L’attitude initiale ambigüe des États-Unis envers l’État Islamique (5/5) : Le rôle (initial) de Daech

Suite de notre série sur le rôle des États-Unis dans la guerre de Syrie et d’Irak.

Billet 1 :

    1. “Une guerre aérienne non sérieuse contre Daech”

 

  1. De lourds soupçons sur l’attitude américaine au cours des premiers mois
  2. Les bombardements initiaux limités de la coalition ont pu être contreproductifs

Billet 2 :

  1. La Russie se met à combattre sérieusement les milices
  2. Une stratégie de bombardements de la coalition peu efficace

Billet 3 : VI. Des livraisons (involontaires ?) d’armes à l’ennemi

Billet 4 : VII. Un embarrassant rapport de renseignement

Billet 5 : VIII. Le rôle (initial) de Daech : « atout stratégique » des États-Unis ?

(Série en un seul billet ici)

VIII. Le rôle (initial) de Daech : « atout stratégique » des États-Unis ?

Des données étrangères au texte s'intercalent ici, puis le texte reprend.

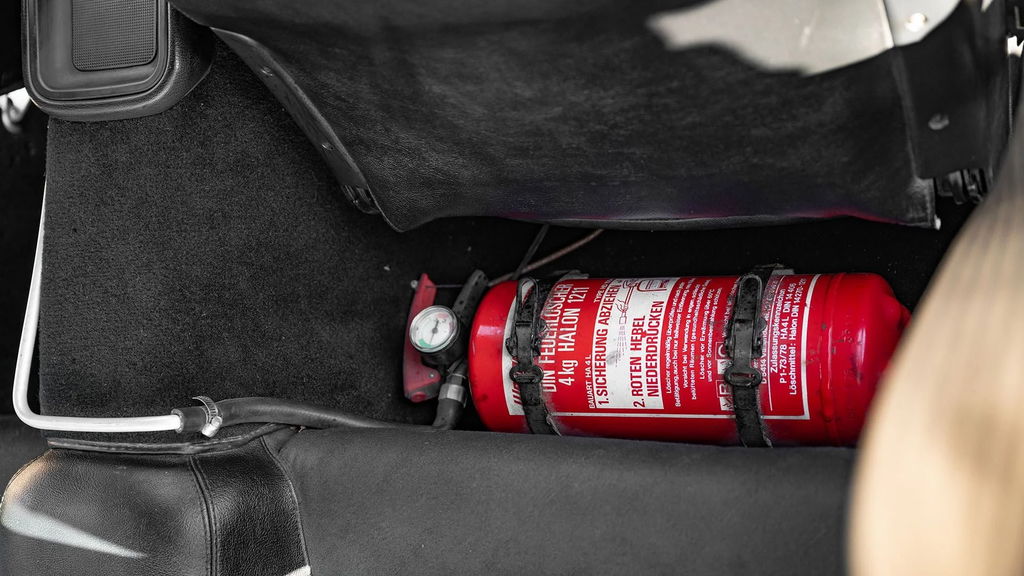 Porsche 944 Turbo Cup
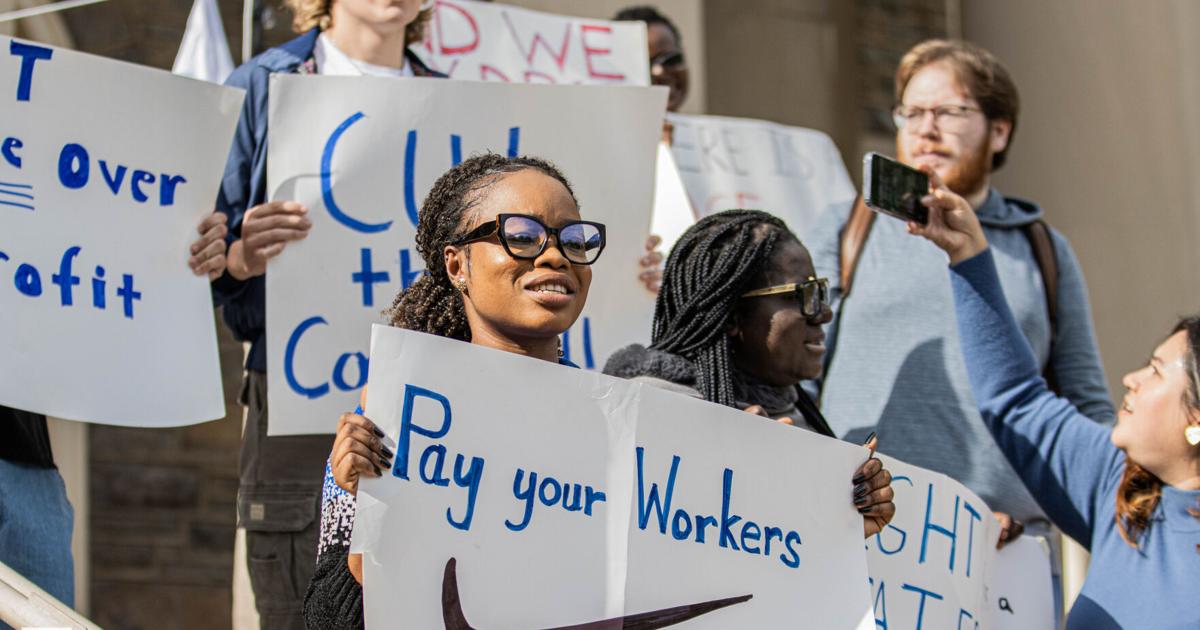 Workers Rights Protest, Old Main sign | | psucollegian.com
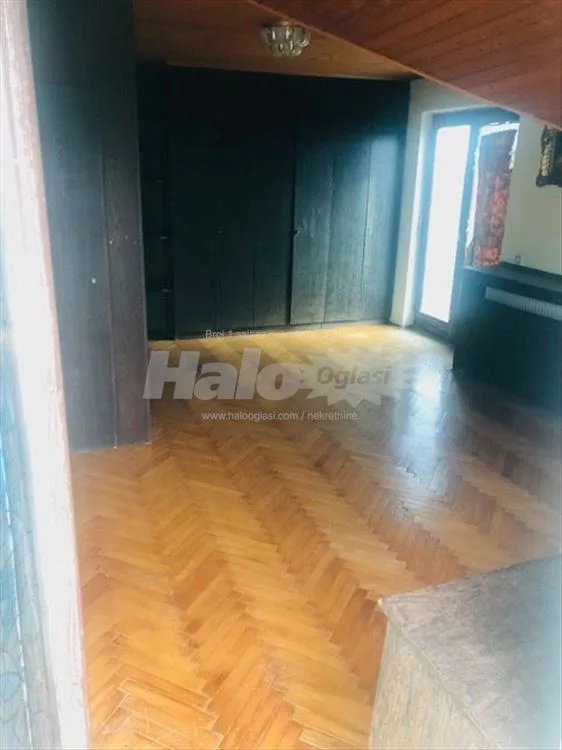 Kuća u podnožju Kosmaja - 493m2 — 11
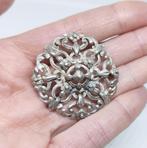 Prachtige zilveren opgewerkte vintage broche met bloemen, Ophalen of Verzenden, Zilver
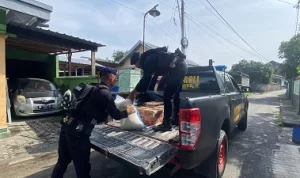 Bulan Penuh Berkah , Brimob NTB Berikan Batuan Sembako DI Pondok Pesantren NW Mataram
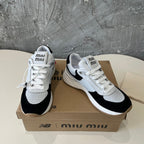 M-Sneakers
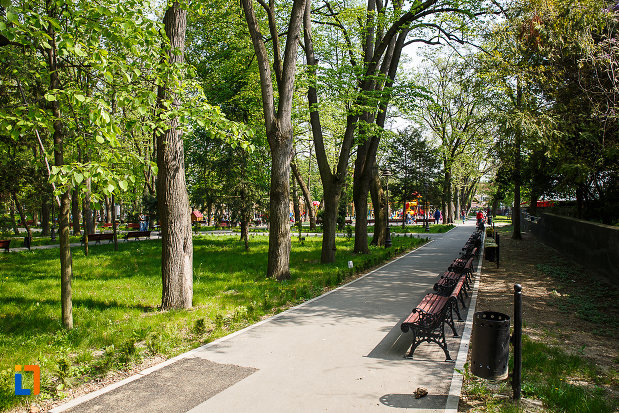 parcul-cetate-din-deva-judetul-hunedoara.jpg
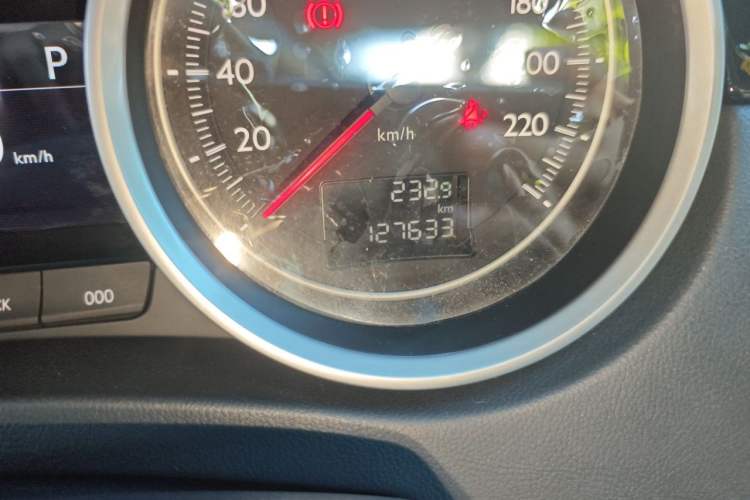 Used Peugeot 508 2014 2.3L Roland Garros Edition Odometer Close Up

On a donc pu constater trois phases dans l’attitude des Américains face à Daech : d’abord un “flou stratégique” avec des actions à peine symboliques, ensuite un raidissement semblant plutôt montrer une volonté de contenir son expansion, et enfin une lutte plus résolue – mais avec des moyens qui resteront limités. Voici ce que conclut le professeur Christopher Davidson :

« Bien sûr, l’échelle de la nouvelle campagne anglo-américaine n’allait en rien être comparable avec les frappes effectuées contre le régime de Mohammad Kadhafi en 2011, ou encore moins que celles contre le régime de Saddam Hussein en 2003. Il semblerait au contraire que [ces frappes de la coalition] aient eu un double objectif : satisfaire l’opinion qui demandait au moins quelques actions ostensibles contre la barbarie de Daech, tout en s’assurant qu’en même temps les forces aériennes des puissances rivales ne commencent pas à prendre les choses en main, et qu’elles ne tentent pas de réellement détruire l’État Islamique. »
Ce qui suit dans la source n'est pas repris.